Tweed Recording Academy, a new school offering "cutting-edge audio engineering and mixing programs," plans to open in downtown Athens in fall 2019, according to a press release. The school will occupy the former Lamar Lewis Shoe Store building, which spans the block from Clayton Street to Washington Street and also includes the former Copper Creek brewpub.
Last month the Oconee County Industrial Development Authority approved unanimously the spending of up to $375,115 on a contract to beautify Mars Hill Road and preliminarily approved up to $115 million in bond funding to Presbyterian Homes for construction of its Oconee campus.
Jerry Peterson, representing Presybyterian Homes, told the IDA he was asking for preliminary approval for the Authority to issue up to $115 million in revenue bonds for Presbyterian Village Athens, to be located on U.S. 441 at Hog Mountain Road.
He said the bonds would be repaid through funds potential tenants pay as entrance fees, through a U.S. Department of Agricultural loan for heath centers, and bonds sold to institutional investors and banks.

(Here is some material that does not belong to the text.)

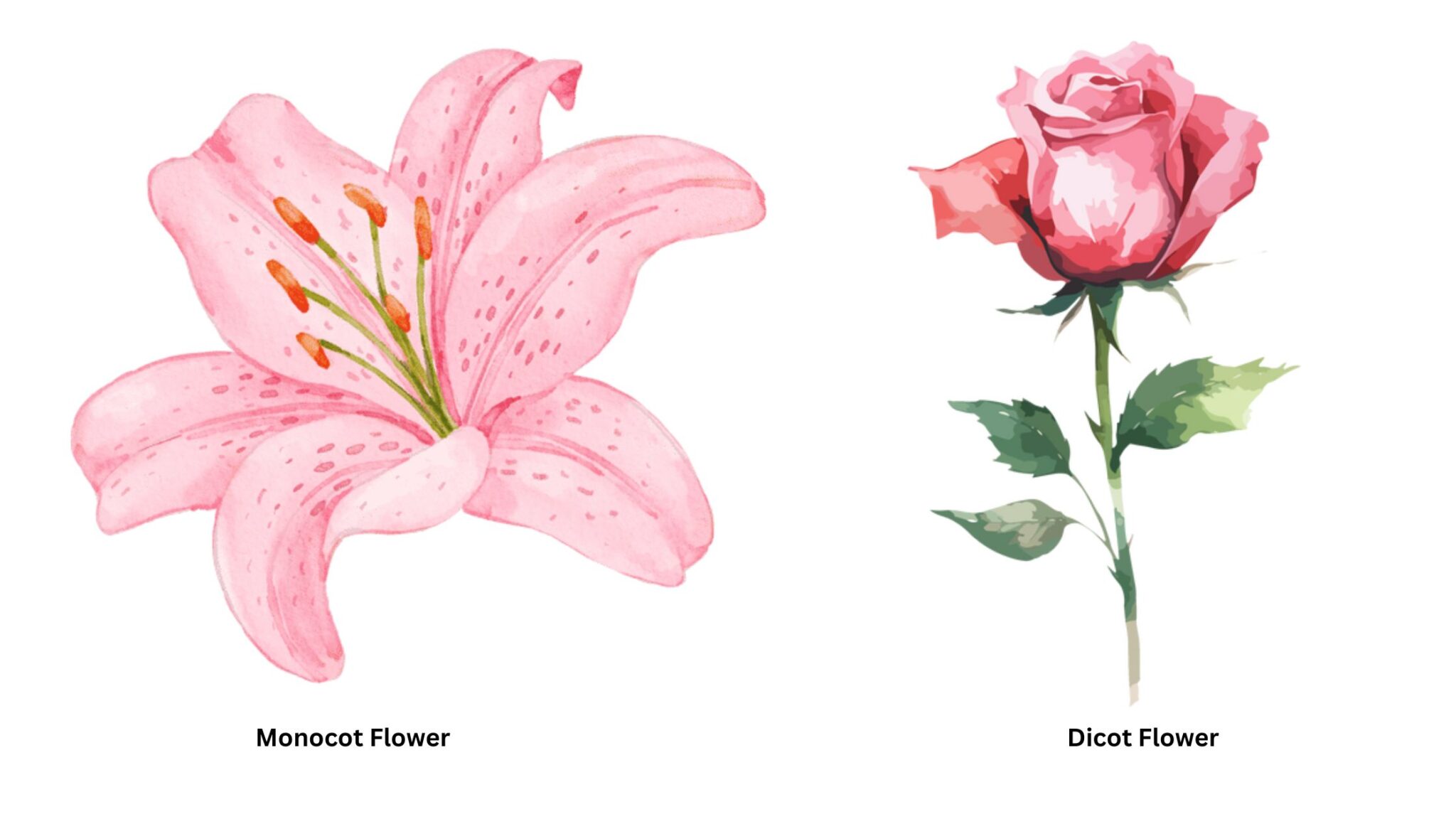 Differences Between Monocot and Dicot Flower Monocot vs. Dicot Flower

Photo Credit: The Expat via Facebook
The Expat, the fancy French-ish restaurant in the former Two Story Coffee space in Five Points, has been open for a few weeks now, with lunch Tuesday through Saturday, dinner Tuesday through Sunday and Sunday brunch. The Sunday supper menu changes weekly. The other one is here. Also: very serious cocktails.
Las Monarcas, at 645 Danielsville Road, has closed but was quickly replaced by Taqueria Mundos, which just opened and is cash only for the moment.
Sonny's BBQ on Atlanta Highway is closing as of tonight after 37 years in business, as its franchise license is not being renewed by its parent company. It will reopen as Malinda's Country Kitchen and Catering, which does not appear to be a franchise. The sign on the door describes it as, "an a la carte buffet featuring home cooking with a wide selection of proteins and vegetables that will change throughout the week... It will also feature a menu of sandwiches and side items for those who prefer a lighter meal." The management team and staff will remain.
Piedmont Healthcare and Anthem Blue Cross Blue Shield finalized an agreement Monday for BCBS to continue covering treatment in-network at Piedmont hospitals and by Piedmont-affiliated doctors.
The contract between the health care provider, which owns Athens Regional, and insurance company ended Apr. 1 with the two sides unable to agree on reimbursement rates. Gov. Nathan Deal urged them both back to the negotiating table, and they reached a "handshake deal" on Friday.